Sick of the anxiety attacks when your phone battery alert hits “less than 5%” ? Your prayers have been answered… almost. Mya Le Thai, a student at the University of California, has accidentally stumbled on a remarkable discovery.
While studying for her PhD, Mya and her class mates were experimenting in the university lab, trying to design a more efficient nano wire to charge smart phone batteries. What the group didn’t realise, is that they had created a battery that could last up to 200,000 charges, within a three-month cycle without loosing quality or deterioration.
The group created a thin strip, made of golden nanowire, delicate but an amazing conductor of electrodes. The nanowire was then wrapped in an electrolyte gel, designed for protection, resulting in a durable and seemingly powerful battery. “Usually these batteries decline rapidly after only five or six thousand cycles, seven thousand at the most,” according to Reginald Penner, leader of the chemistry faculty of the University of California.

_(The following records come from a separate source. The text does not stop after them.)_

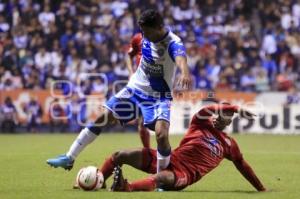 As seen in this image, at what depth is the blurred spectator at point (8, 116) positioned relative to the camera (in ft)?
76.9

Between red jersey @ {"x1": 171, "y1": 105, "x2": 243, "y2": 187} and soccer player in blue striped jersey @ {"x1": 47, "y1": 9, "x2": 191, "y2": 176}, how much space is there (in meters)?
0.29

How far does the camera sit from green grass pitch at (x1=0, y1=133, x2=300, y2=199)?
27.9 ft

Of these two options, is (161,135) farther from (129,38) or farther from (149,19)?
(129,38)

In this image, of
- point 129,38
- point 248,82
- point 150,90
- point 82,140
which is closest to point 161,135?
point 150,90

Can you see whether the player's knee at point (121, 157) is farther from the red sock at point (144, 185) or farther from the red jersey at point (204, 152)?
the red jersey at point (204, 152)

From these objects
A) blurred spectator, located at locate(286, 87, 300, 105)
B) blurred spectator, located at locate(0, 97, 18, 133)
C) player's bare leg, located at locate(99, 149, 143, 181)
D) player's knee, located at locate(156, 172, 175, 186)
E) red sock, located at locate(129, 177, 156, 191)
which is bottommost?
blurred spectator, located at locate(0, 97, 18, 133)

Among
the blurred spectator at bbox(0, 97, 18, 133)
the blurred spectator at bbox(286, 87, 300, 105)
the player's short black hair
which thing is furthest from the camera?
the blurred spectator at bbox(0, 97, 18, 133)

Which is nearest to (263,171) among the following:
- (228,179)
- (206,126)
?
(228,179)

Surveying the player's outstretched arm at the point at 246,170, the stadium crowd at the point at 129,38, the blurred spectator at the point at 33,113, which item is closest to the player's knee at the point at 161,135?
the player's outstretched arm at the point at 246,170

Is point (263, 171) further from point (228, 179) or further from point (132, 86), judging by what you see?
point (132, 86)

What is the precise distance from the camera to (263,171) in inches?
459

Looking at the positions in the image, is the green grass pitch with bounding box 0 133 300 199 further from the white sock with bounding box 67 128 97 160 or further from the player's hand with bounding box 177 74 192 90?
the player's hand with bounding box 177 74 192 90

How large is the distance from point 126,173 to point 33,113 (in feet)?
42.5

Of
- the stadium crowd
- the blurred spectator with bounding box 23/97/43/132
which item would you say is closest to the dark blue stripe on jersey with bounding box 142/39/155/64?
the stadium crowd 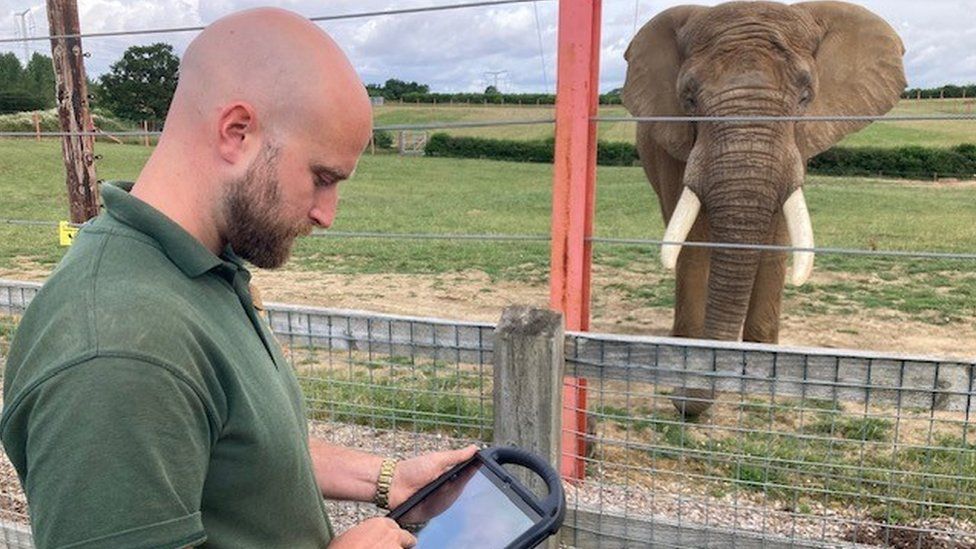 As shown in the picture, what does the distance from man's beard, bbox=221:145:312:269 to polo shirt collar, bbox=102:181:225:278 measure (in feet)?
0.24

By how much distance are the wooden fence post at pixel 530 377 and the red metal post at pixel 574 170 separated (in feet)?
1.40

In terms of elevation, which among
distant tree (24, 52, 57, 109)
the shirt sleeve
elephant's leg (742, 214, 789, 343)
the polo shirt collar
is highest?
distant tree (24, 52, 57, 109)

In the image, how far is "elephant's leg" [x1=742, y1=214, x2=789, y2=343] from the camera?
5867 millimetres

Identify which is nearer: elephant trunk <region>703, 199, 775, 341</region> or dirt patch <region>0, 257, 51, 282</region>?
elephant trunk <region>703, 199, 775, 341</region>

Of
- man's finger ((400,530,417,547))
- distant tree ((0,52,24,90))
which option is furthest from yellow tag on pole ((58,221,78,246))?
distant tree ((0,52,24,90))

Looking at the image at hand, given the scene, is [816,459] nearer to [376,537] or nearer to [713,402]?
[713,402]

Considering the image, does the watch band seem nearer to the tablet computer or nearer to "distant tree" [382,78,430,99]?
the tablet computer

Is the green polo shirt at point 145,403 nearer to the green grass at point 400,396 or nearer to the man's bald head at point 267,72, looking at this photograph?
the man's bald head at point 267,72

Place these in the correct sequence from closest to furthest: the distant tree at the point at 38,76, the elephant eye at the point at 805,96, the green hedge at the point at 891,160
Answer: the elephant eye at the point at 805,96 < the green hedge at the point at 891,160 < the distant tree at the point at 38,76

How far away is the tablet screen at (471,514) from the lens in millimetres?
1435

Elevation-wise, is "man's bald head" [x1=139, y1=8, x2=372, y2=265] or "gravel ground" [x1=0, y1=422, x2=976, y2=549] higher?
"man's bald head" [x1=139, y1=8, x2=372, y2=265]

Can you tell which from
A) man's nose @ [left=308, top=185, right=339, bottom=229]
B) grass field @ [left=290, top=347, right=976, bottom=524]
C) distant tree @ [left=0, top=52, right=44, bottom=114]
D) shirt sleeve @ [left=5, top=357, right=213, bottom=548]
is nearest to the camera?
shirt sleeve @ [left=5, top=357, right=213, bottom=548]

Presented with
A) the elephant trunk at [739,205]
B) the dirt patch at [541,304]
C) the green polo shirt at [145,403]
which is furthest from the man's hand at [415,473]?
the dirt patch at [541,304]

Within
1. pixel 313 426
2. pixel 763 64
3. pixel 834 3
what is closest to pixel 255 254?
pixel 313 426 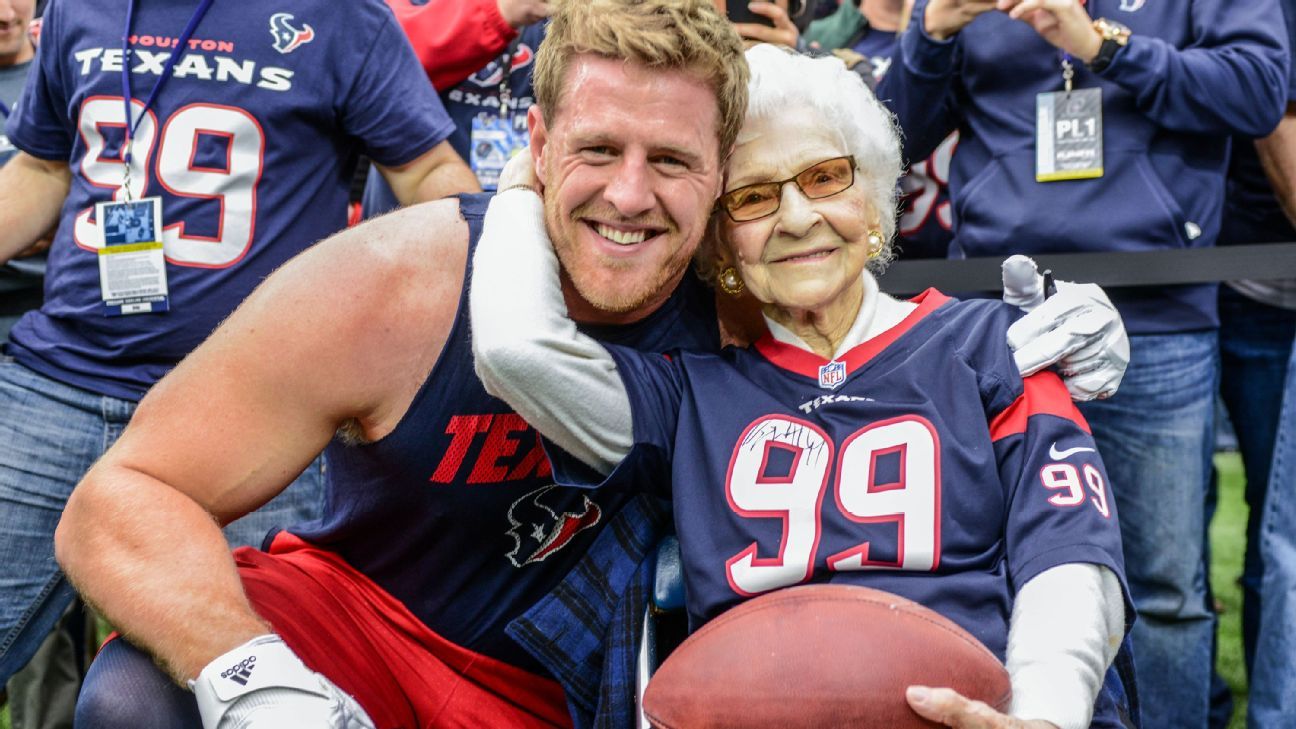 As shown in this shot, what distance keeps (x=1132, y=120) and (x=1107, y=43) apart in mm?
213

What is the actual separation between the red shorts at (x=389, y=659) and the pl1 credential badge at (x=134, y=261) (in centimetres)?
79

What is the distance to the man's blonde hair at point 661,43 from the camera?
7.45ft

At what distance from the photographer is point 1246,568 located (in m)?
3.81

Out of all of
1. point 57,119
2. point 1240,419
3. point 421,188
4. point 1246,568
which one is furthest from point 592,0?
point 1246,568

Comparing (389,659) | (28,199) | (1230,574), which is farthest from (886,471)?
(1230,574)

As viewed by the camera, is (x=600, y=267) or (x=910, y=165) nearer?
(x=600, y=267)

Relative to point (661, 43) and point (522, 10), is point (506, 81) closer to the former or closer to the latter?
point (522, 10)

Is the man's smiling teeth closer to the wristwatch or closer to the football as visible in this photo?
the football

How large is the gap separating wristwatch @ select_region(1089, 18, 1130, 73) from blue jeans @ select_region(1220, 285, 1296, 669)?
91cm

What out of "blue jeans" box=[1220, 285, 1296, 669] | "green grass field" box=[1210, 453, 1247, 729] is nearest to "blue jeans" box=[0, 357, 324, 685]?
"blue jeans" box=[1220, 285, 1296, 669]

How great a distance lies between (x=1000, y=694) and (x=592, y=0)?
4.27ft

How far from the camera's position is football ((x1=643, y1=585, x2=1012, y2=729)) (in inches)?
70.0

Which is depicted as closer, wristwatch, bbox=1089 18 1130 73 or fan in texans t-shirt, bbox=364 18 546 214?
wristwatch, bbox=1089 18 1130 73

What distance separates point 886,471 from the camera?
2178 mm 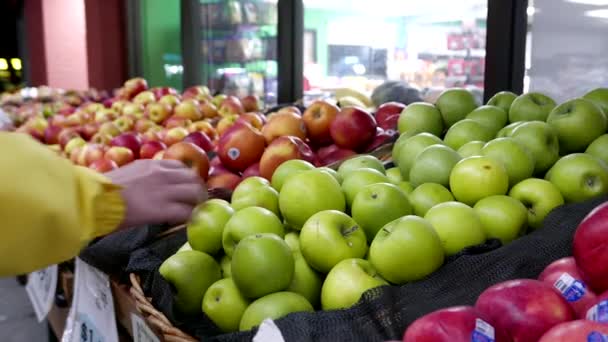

This seems to be the answer to our #firstworldproblems. The production of the battery would mean no cable charging and less electricity consumption, for businesses this would also mean a decrease in production costs. Unfortunately, as gold is an expensive and not easily accessible in a pure form, the battery would be highly expensive. The team at The University of California have said that they will work towards a cheaper alternative, so sit tight and this may be a reality in the near future. Until then, leave your phone on charge for the news.